Leaving one’s house behind while out-and-about on vacation can be another concern, he said.
During the “normal heating season,” one must either have someone check in on the house every day or so (varies from policy to policy), shut off the water and drain all appliances or monitor temperature change with something.
Although pipes freezing at this time of year isn’t likely to happen, Harnett said that it’s still a good idea to have someone check on your home.
“Other things can happen,” he said. “Leaks can happen or ruptures can happen. Water heaters can go -- even in the summer -- and stuff like that.”
You hear horror stories of people going in and getting charged hundreds of dollars for an aspirin in the States and that sort of thing.

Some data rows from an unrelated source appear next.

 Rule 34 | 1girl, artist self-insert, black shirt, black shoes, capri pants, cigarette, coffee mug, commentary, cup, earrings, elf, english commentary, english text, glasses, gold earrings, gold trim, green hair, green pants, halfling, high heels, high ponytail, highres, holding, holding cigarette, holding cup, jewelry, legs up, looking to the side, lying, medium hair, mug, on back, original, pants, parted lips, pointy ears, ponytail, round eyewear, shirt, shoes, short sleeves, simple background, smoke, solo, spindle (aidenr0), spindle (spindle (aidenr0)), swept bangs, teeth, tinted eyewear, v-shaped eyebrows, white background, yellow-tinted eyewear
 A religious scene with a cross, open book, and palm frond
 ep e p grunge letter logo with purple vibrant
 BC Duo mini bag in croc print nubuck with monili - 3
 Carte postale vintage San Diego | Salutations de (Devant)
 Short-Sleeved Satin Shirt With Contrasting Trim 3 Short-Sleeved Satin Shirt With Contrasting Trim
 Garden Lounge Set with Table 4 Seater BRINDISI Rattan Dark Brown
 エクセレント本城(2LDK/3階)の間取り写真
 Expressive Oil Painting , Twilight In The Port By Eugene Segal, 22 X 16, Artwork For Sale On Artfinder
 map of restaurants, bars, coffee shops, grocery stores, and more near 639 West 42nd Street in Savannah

Karle Harnett
A seasonal misconception some people still have is that normal home insurance policies cover flooding, be it man-made or otherwise.
This is not true, Harnett said, noting that coverage comes through Saskatchewan’s Provincial Disaster Assistance Plan, which helps people recover from the effects of natural disasters.
“It has been something that I think most people understand -- that when there’s a flood it’s not covered by regular home insurance, but it’s also a misconception in a lot of people’s minds.”
Tips for rental property tenants
While most landlords request references, how often do renters request references of landlords?
Finding a good landlord is key to finding a hassle-free rental situation, Western Financial Group Prince Albert branch manager Kale Harnett said.
On top of knowing one’s rental rights and documenting existing damage with photos to ensure your damage deposit is protected, Harnett reminds people of the merits of renter’s insurance.
Noting Prince Albert’s growing rental market, Harnett cautions renters that their landlord’s building insurance covers the building – not them or their belongings.
That’s where renter’s insurance comes into play -- an area of insurance that 37 per cent of Canadian renters do not employ.
In addition to one’s household belongings, renter’s insurance covers items stored in one’s vehicle, among other things an insurance broker can hash out with clients.